What would you guys recommend for backcountry fish like in the Everglades? Talking about big rollers and laid up fish mainly...


----------



## IRLyRiser (Feb 14, 2007)

I like sc-17 for the back. It’s heavier and bulkier, but I don’t think it matters as much back there. Otherwise it’s all sl-12s. Some break, but I think they hook up better.


----------



## kjnengr (Jan 16, 2018)

Any thoughts on the Gamakatsu Sl12S Short? Tarpon or otherwise?


----------



## texasag07 (Nov 11, 2014)

They work well even in the smaller sizes.


----------



## kjnengr (Jan 16, 2018)

Better or worse than the original SL12S? I am assuming it is a different material because it is nickel plated. I have seen where some people have had problems with the originals breaking on strong fish with hard mouths like tarpon. I wonder if these are any different.


----------



## lemaymiami (Feb 9, 2007)

I use a mix of hooks for tarpon in the backcountry... When I want a big hook (gap dimensions...) it's a Tiemco 600sp, the strongest hook - an Owner Aki, for the kind of small to medium tarpon that tear up a bunch of flies - probably an old Mustad 7766 (tinned hook - must be sharpened before tying...), and for the baby tarpon ordinary old Mustad 34007 all day long... 

You'll note that you won't hear me talking about Gamakatsu, Varivas, and others - not because they're inferior - but because I can't buy them in bulk (1000 per size) -the only exception are the Tiemco's since I still have a good supply from years ago and the Mustad 7766 hooks which are so cheap that buying them by the 100 is just fine for me... I'm not tying flies anymore commercially but old habits die hard...

By the way, from what I can see fish in the backcountry aren't particularly leader shy at all... unlike big tarpon everywhere else...


----------



## Backwater (Dec 14, 2014)

kjnengr said:


> Better or worse than the original SL12S? I am assuming it is a different material because it is nickel plated. I have seen where some people have had problems with the originals breaking on strong fish with hard mouths like tarpon. I wonder if these are any different.

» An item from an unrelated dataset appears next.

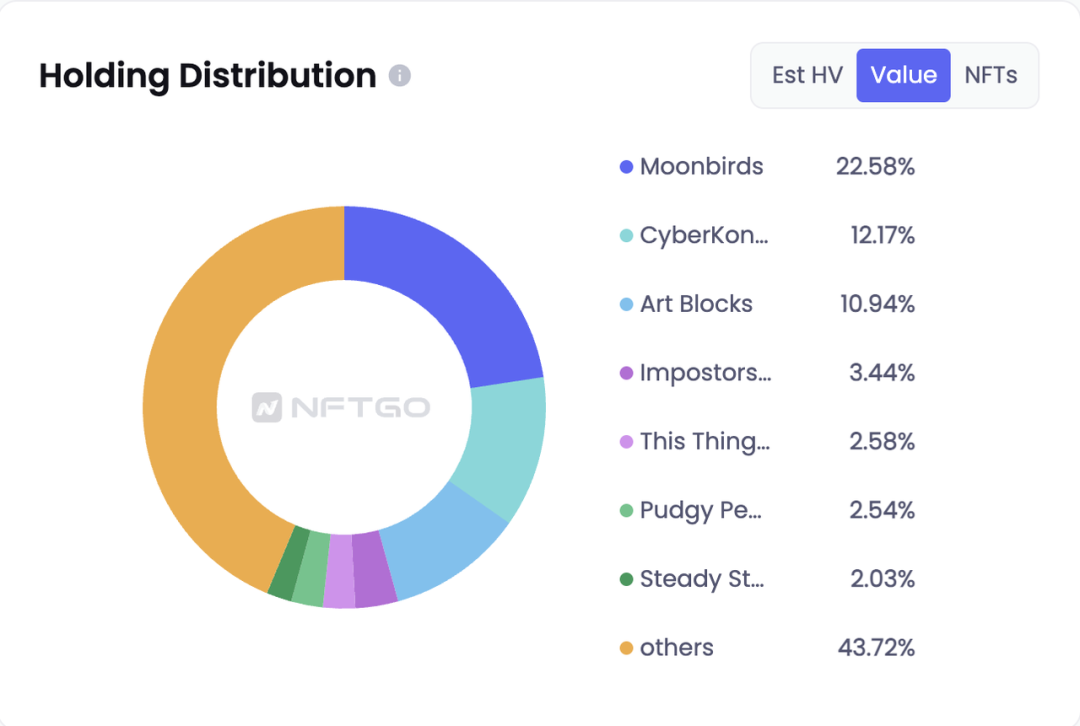 NFT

I recently picked up a pack of size 1 in the "SL12S Short" for some mullet patterns to try out for snook.. Yes, the "Short" looks stouter than the original SL12S. But even if it is stronger, I still prefer the Owner Cutting Points better since they are just plain sticky!


----------



## Mike Geer (Nov 22, 2018)

Weighing all the pros and cons,(eg. SL12s, love them, but the tip often rolls over, or SC17 is too thick and too small a gape for the wire size).
I prefer the Owner. They are just as strong as others, the point does not roll over, and wire size to strength ratio is optimal, etc.
Been using Allen hooks for big reds with great results, but have not used them on tarpon enough to decide. Will be using Allen for 6lbs. Record chasing.
I am frequently fishing for IGFA records, so I use a hook that correlates to the line size.


----------



## texasag07 (Nov 11, 2014)

kjnengr said:


> Better or worse than the original SL12S? I am assuming it is a different material because it is nickel plated. I have seen where some people have had problems with the originals breaking on strong fish with hard mouths like tarpon. I wonder if these are any different.


They are better than the original’s stronger and less breakage. 

The Allen sw-004 is good in 1/0 extremely sharp. If you drop down in size they like to straighten out on bigger tarpon.


----------



## slewis (Sep 8, 2015)

The shorts are great hooks. I'll typically use them in a 2/0 and 3/0 (which the SL12S doesnt come in) depending on the pattern. My preferred hook for bunnies, and also works really well on baitfish once you figure out exactly how much material to use. I hate leaving an exposed hook shank.


----------



## LowHydrogen (Dec 31, 2015)

Owner Aki or Varivas 2600 - these hooks are SHARP, but are large for given size, almost a full size bigger for the same # imo. Keep that in mind when ordering.


----------



## Backwater (Dec 14, 2014)

Mike Geer said:


> Weighing all the pros and cons,(eg. SL12s, love them, but the tip often rolls over, or SC17 is too thick and too small a gape for the wire size).
> I prefer the Owner. They are just as strong as others, the point does not roll over, and wire size to strength ratio is optimal, etc.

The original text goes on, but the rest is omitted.